Pero esta no es una de esas columnas que concluye con una invitación a que todos depongamos los odios y nos unamos en un abrazo fraternal. Me perdonarán los utopistas, pero pienso que esa posibilidad es tan cierta como que el Niño Dios es el agente logístico de la Nochebuena. Además, en una democracia son válidas —y, si ha de haber progreso, necesarias— las diferencias, los debates, las rivalidades, incluso los enfados. ¿Qué tiene de malo —me he preguntado muchas veces— que hubiera gente que votara “berraca” en el plebiscito, como se dice de los del No? ¡Si este país es una piñata de razones para enojarse! Si a alguien no lo “emberracan” la injusticia, la corrupción, la impunidad y el saqueo, es más peligroso para la sociedad yendo a votar que quedándose en casa.
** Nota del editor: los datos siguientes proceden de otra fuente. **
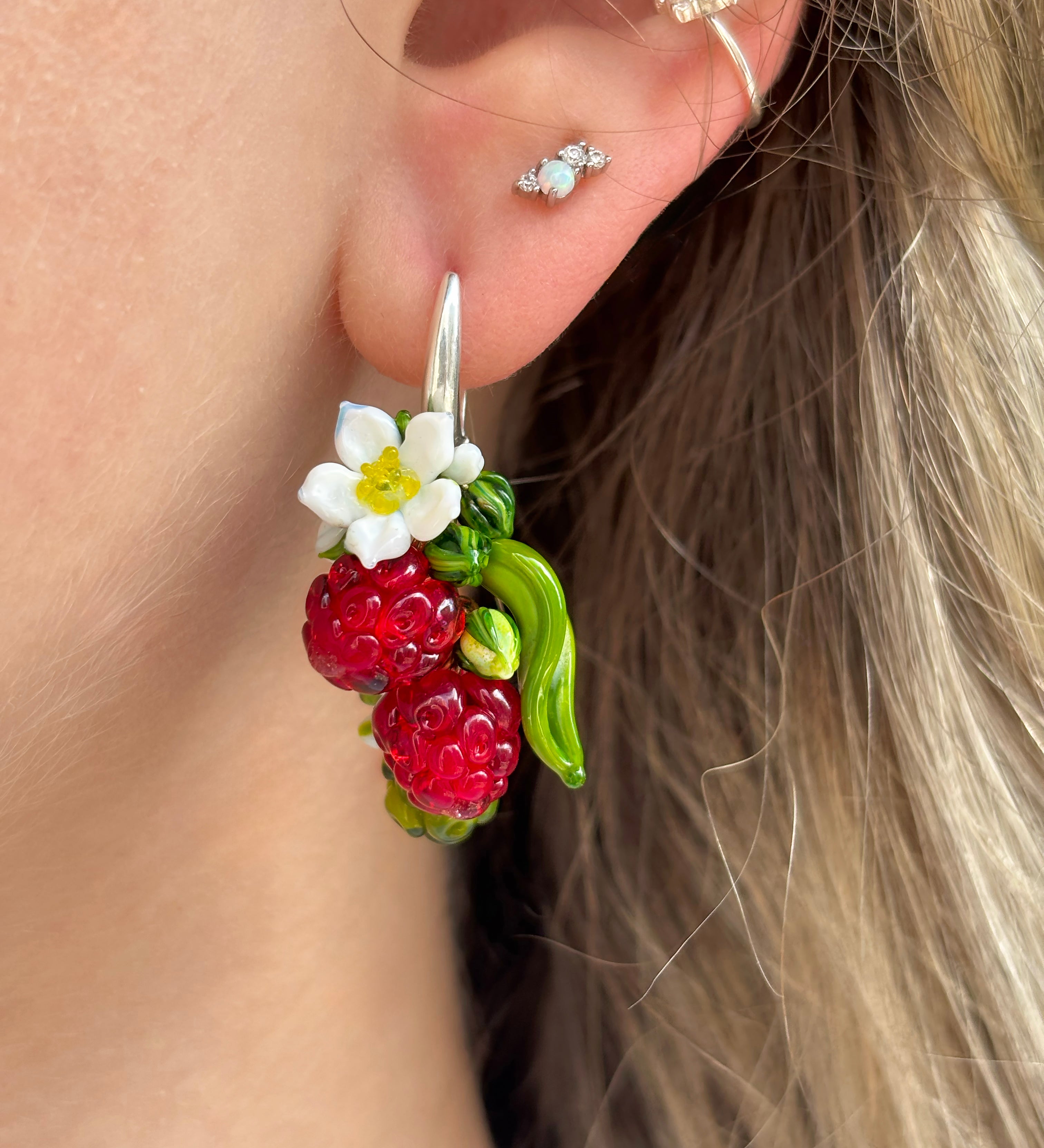 Lucky Raspberry Blossom Earrings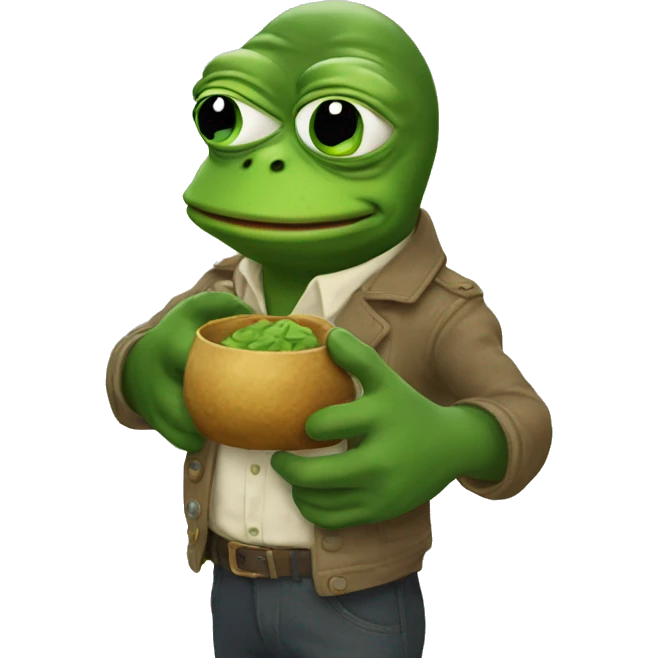 Pepe holding bnb in both hands emoji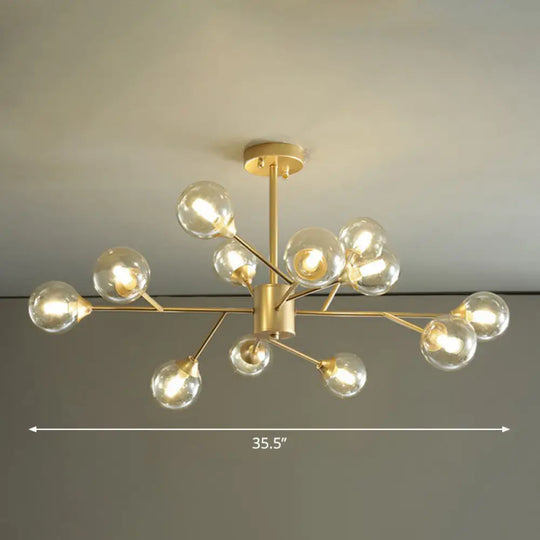 Contemporary Gold Branch Chandelier: Clear Glass Pendant Lamp For Bedroom Lighting 12 /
El viejo ejercicio de ponerse en los zapatos del otro es, creo, nuestra única esperanza de salir de este atolladero. No en los zapatos de quienes son menos afortunados que nosotros —lo que también es necesario—, sino en los de quienes nos ven como un adversario o un problema. No se trata de ‘aceptar’ al otro ‘a pesar de’ sus diferencias (que es, en el fondo, una actitud de superioridad), sino de buscar entender, desde el punto de vista del contrario, el rechazo a nuestra posición. Y entenderlo tan bien que por momentos estemos tentados a darle la razón.